Emily Nesi

Emily Nesi is a 3L JD student.

Emily Nesi is a 3L JD student pursuing the GHamES concentration here at Seton Hall Law.  She has extensive experience in the field of sports both before and during law school.  During Summer 2023, Emily worked as a summer associate for O’Toole Scrivo, LLC and is currently interning for Madison Square Garden’s Entertainment Legal Division.

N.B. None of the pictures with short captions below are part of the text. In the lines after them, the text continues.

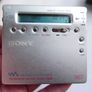 Sony MD Walkman - Portable MiniDisc Player - Silver (MZ-R900) - works well. Image 9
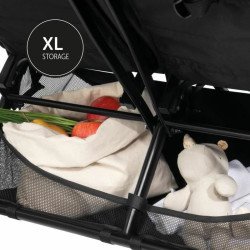 Poussette pour bébé Hauck Noir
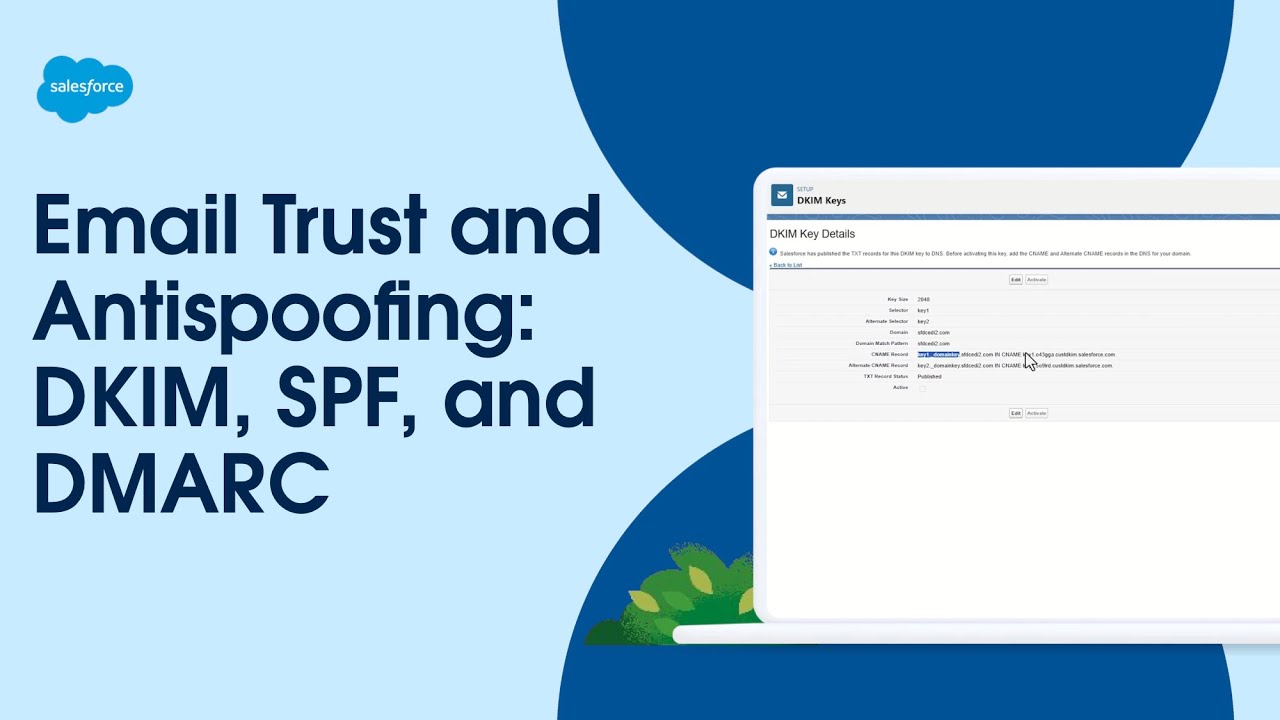 Email Trust and Antispoofing: DKIM, SPF, and DMARC [New Version Linked in Description]
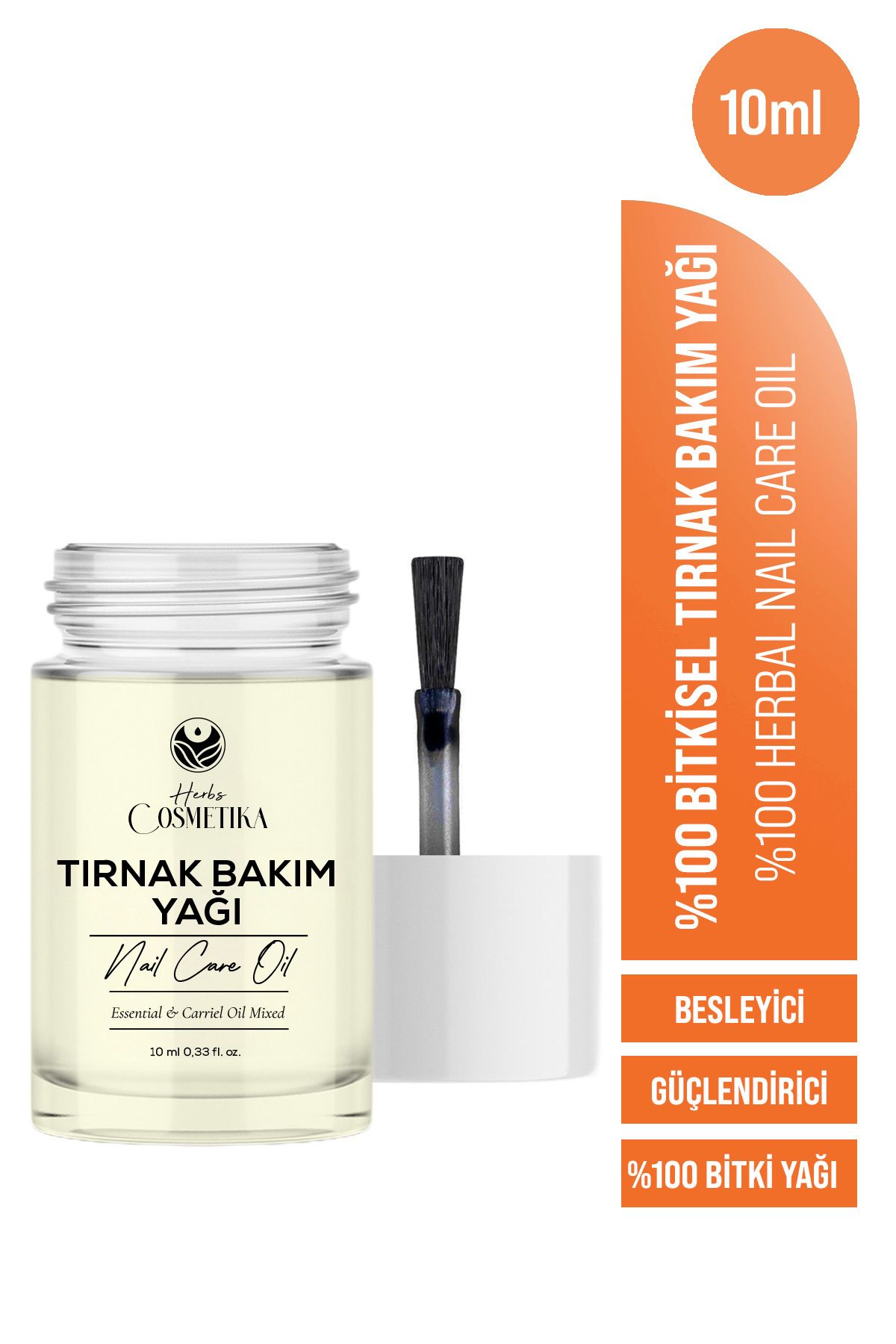 herbs cosmetika Tırnak Bakım Yağı 10 ml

What has led you to take an interest in Sports Law?
My interest in sports law was sparked by a combination of my passion for sports and a fascination with the legal aspects that govern the sports industry.  After graduating from Rutgers with a Sport Management degree, I was fortunate to gain invaluable experience in the industry in roles with the New York Mets and Excel Sports Management.  As my career continued, my interest in returning to school deepened and I realized pursuing law school would create a unique opportunity to advance my career opportunities within the Sports and Entertainment field.  In law school so far, I’ve been able to explore those interests deeper in legal roles and internships with Student Athlete NIL, Wasserman, and Madison Square Garden.

What classes have you taken here at Seton Hall Law that have enhanced your interest in Sports Law?
So far, I have taken Contracts, Employment Law, Gaming Law, Sports Law, Trademark and Unfair Competition, and Advanced Negotiations.  I find it interesting that nearly every single case book from every class I’ve taken has at least one case relating to sports in some way!

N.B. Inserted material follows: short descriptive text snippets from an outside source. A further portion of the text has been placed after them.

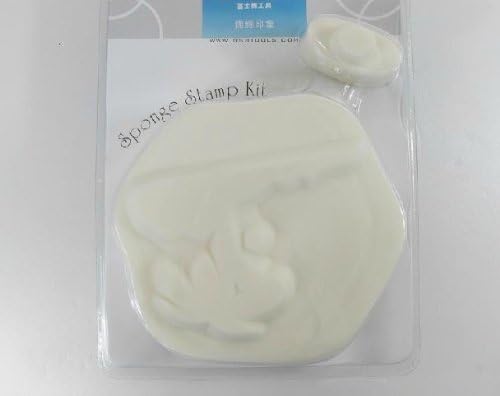 G.SB Liquid Wallpaper Sponge Stamp Paint Kit AJ049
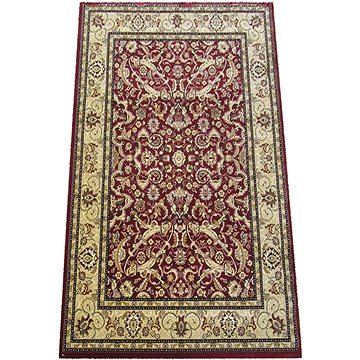 Kusový koberec Exclusive červený 02 100 × 200 cm (21D2095/1)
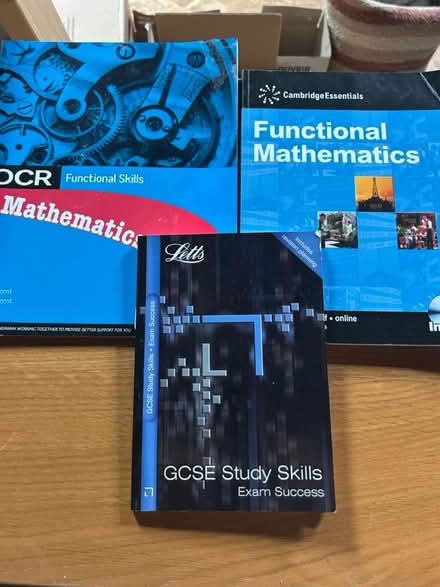 Photo of free Maths books (SS9 Leigh) #1
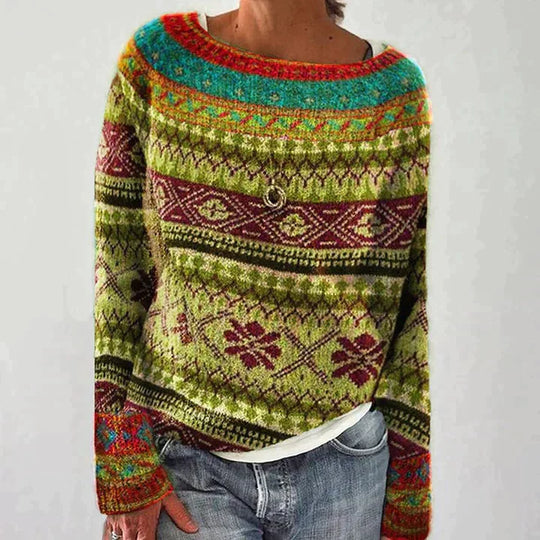 EB | Sweatshirt mit Einzigartigem Druck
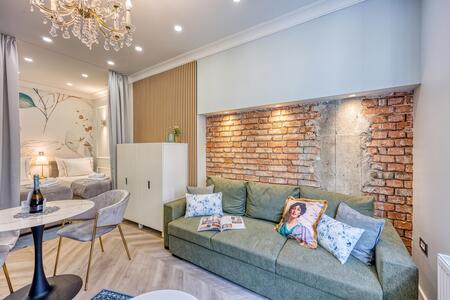 Living and dining room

You worked as a legal intern at Wasserman.  What is Wasserman?  How did you find this position?  What did you do there?  What was the most interesting project you worked on?
Wasserman represents many of the world’s most iconic sports and entertainment figures, music artists, brands, and properties.  The Team Sports division specifically represents elite sports and media talent, broadcasters, coaches, sports executives, and influencers who play integral roles across every major global sport, spanning six continents.

When I saw their job posting for a legal intern during the Fall of 1L, I reached out to a former Rutgers classmate who was working there to find out who was hiring for the role and asked for an introduction email.  They had already filled the role, but I was introduced to their VP of Legal and we stayed in touch.  Some months later, they were again hiring for a legal intern and I was fortunate to have my resume back in consideration.

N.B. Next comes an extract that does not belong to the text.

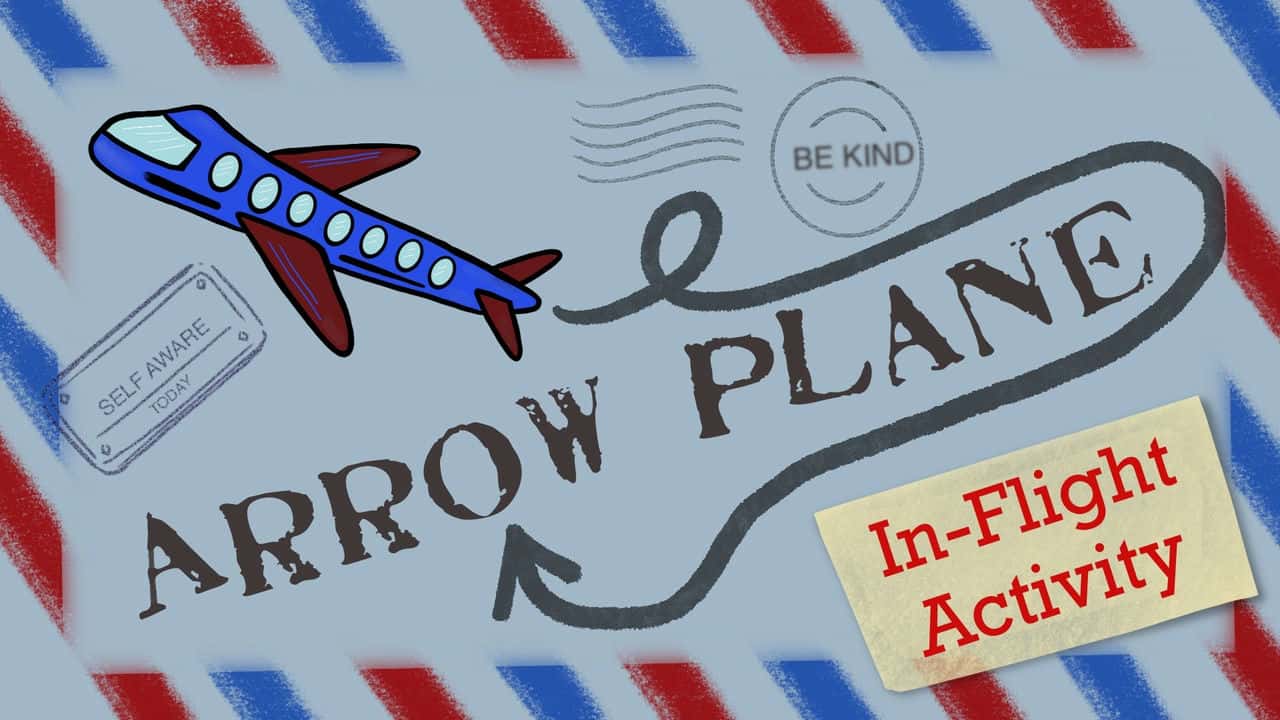 آموزش هواپیمای پیکان - یک فعالیت سفر آگاهانه و انعکاسی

I worked as a legal intern in their Team Sports division.  In this role, I supported the Team Sports division by reviewing, redlining, and negotiating a wide range of client services and vendor agreements.  I reviewed a variety of master services agreements, statements of work, vendor contracts, venue agreements, production-related agreements, content creation-related agreements, and non-disclosure agreements.  Some of the interesting projects included NIL agreements and speaker engagements for media talent, but my most enjoyable project was assisting in filing a grievance with the NFLPA on behalf of a client.  It was a brief but unique insight into the relationship among players, agents, and the Player’s Association. 

Do you have any advice for students looking to go into the Sports Law field?
I think anyone who has an interest in the field will know that the number one piece of advice that we hear is: Network, network, network.  In my experience in the industry thus far, that holds true.  The good news is there are conferences, seminars, and networking events at Seton Hall Law and beyond to help connect with professionals in the field, and those professionals are usually eager to help. Also, the sports industry is constantly evolving, which makes it a dynamic and exciting field.  It also means it is increasingly important to stay informed about current events and legal challenges that face the industry.